Percentiles - getting mixed results when trying to find the 10th and 90th percentiles

mathy555

New member
Joined
May 11, 2016
Messages
5
Hello everyone,

I was working with various datasets trying to find the 10th and 90th percentiles. I am doing my work within Microsoft Excel. When I was working with one of my datasets, I had a #NUM return, so this prompted me to verify something by hand. When I did this, mass confusion occurred as I was getting different results.

I am hoping to get insight as to which method is the best and what is attributing for the differences.

The dataset contains the following values:

41.3
44.1
45.0
54.2
54.6
55.1
58.4
62.1
80.2
112.5

Based on input from someone, I was using the PERCENTILE.EXC function.

So, using the PERCENTILE.EXC function

10th percentile: 41.6
90th percentile: 109.3

However, the PERCENTILE.INC function yields:

10th percentile: 43.8
90th percentile: 83.4

I am fairly confident it’s .EXC I want to be using.

When I do this by hand using the following equation

R = (P/100)(n + 1) where R is the position in the dataset where the percentile (P) is located.

I get

10th percentile: 42.7
90th percentile: 96.4

I am very perplexed here, why is the equation by hand yielding significantly different values (especially 90th percentile).

I want to make sure my work here with these percentiles is as accurate as possible. This is for a project I am doing for my own leisure.
 
Hello everyone,

I was working with various datasets trying to find the 10th and 90th percentiles. I am doing my work within Microsoft Excel. When I was working with one of my datasets, I had a #NUM return, so this prompted me to verify something by hand. When I did this, mass confusion occurred as I was getting different results.

I am hoping to get insight as to which method is the best and what is attributing for the differences.

The dataset contains the following values:

41.3
44.1
45.0
54.2
54.6
55.1
58.4
62.1
80.2
112.5

Based on input from someone, I was using the PERCENTILE.EXC function.

So, using the PERCENTILE.EXC function

10th percentile: 41.6
90th percentile: 109.3

However, the PERCENTILE.INC function yields:

10th percentile: 43.8
90th percentile: 83.4

I am fairly confident it’s .EXC I want to be using.

When I do this by hand using the following equation

R = (P/100)(n + 1) where R is the position in the dataset where the percentile (P) is located.

I get

10th percentile: 42.7
90th percentile: 96.4

I am very perplexed here, why is the equation by hand yielding significantly different values (especially 90th percentile).

I want to make sure my work here with these percentiles is as accurate as possible. This is for a project I am doing for my own leisure.
  1. PERCENTILE.EXC: This function excludes the percentile value itself from the calculation. Use when you want to find a value below which a certain percentage of data falls.
  2. PERCENTILE.INC: This function includes the percentile value itself in the calculation. Use when you want to find the value at a certain percentile rank within a dataset.
The main difference is how they handle the rank.
  1. PERCENTILE.EXC excludes the percentile value from the calculation if the rank is not a whole number.

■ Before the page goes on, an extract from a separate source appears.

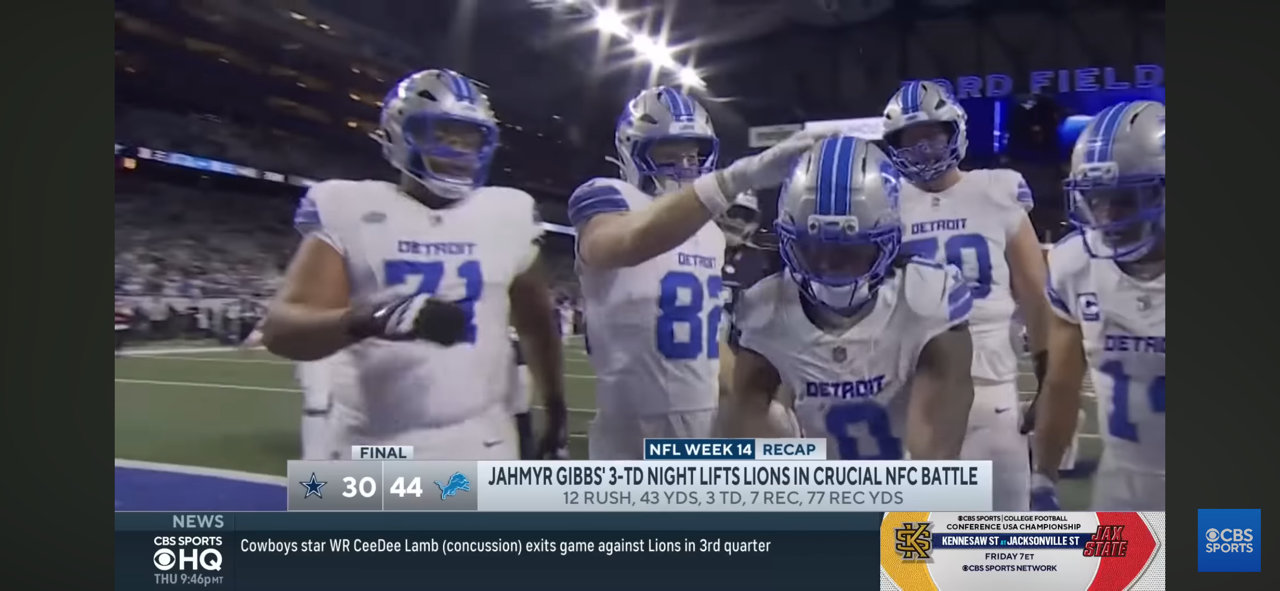 Jahmyr Gibbs’ 3-TD Night Powers Lions Past Cowboys in Crucial NFC Battle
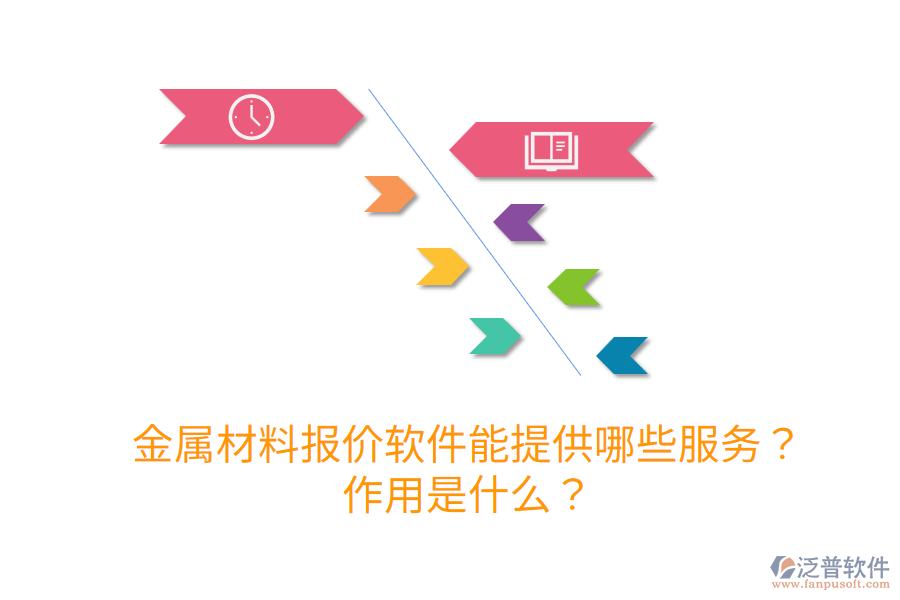 金屬材料報價軟件能提供哪些服務？作用是什么？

It linearly interpolates between the values at the floor rank and the ceiling rank.
  2. PERCENTILE.INC includes the percentile value in the calculation. It does not perform interpolation and returns the value at the floor rank.
 
I am very perplexed here, why is the equation by hand yielding significantly different values (especially 90th percentile).

I want to make sure my work here with these percentiles is as accurate as possible. This is for a project I am doing for my own leisure.

The problem is, there are different ways to define percentile! That makes "accurate" something of a misnomer.

What factors influence your choice of a definition (such as having been told to use one, or just habit)? You have to decide.
 
  1. PERCENTILE.EXC: This function excludes the percentile value itself from the calculation. Use when you want to find a value below which a certain percentage of data falls.
  2. PERCENTILE.INC: This function includes the percentile value itself in the calculation. Use when you want to find the value at a certain percentile rank within a dataset.
The main difference is how they handle the rank.
  1. PERCENTILE.EXC excludes the percentile value from the calculation if the rank is not a whole number. It linearly interpolates between the values at the floor rank and the ceiling rank.
  2. PERCENTILE.INC includes the percentile value in the calculation. It does not perform interpolation and returns the value at the floor rank.
Thank you so much for this detailed response. This helps me out immensely. Your explanations of EXC and INC are much better than what I’ve come across. This provides a great deal of clarity.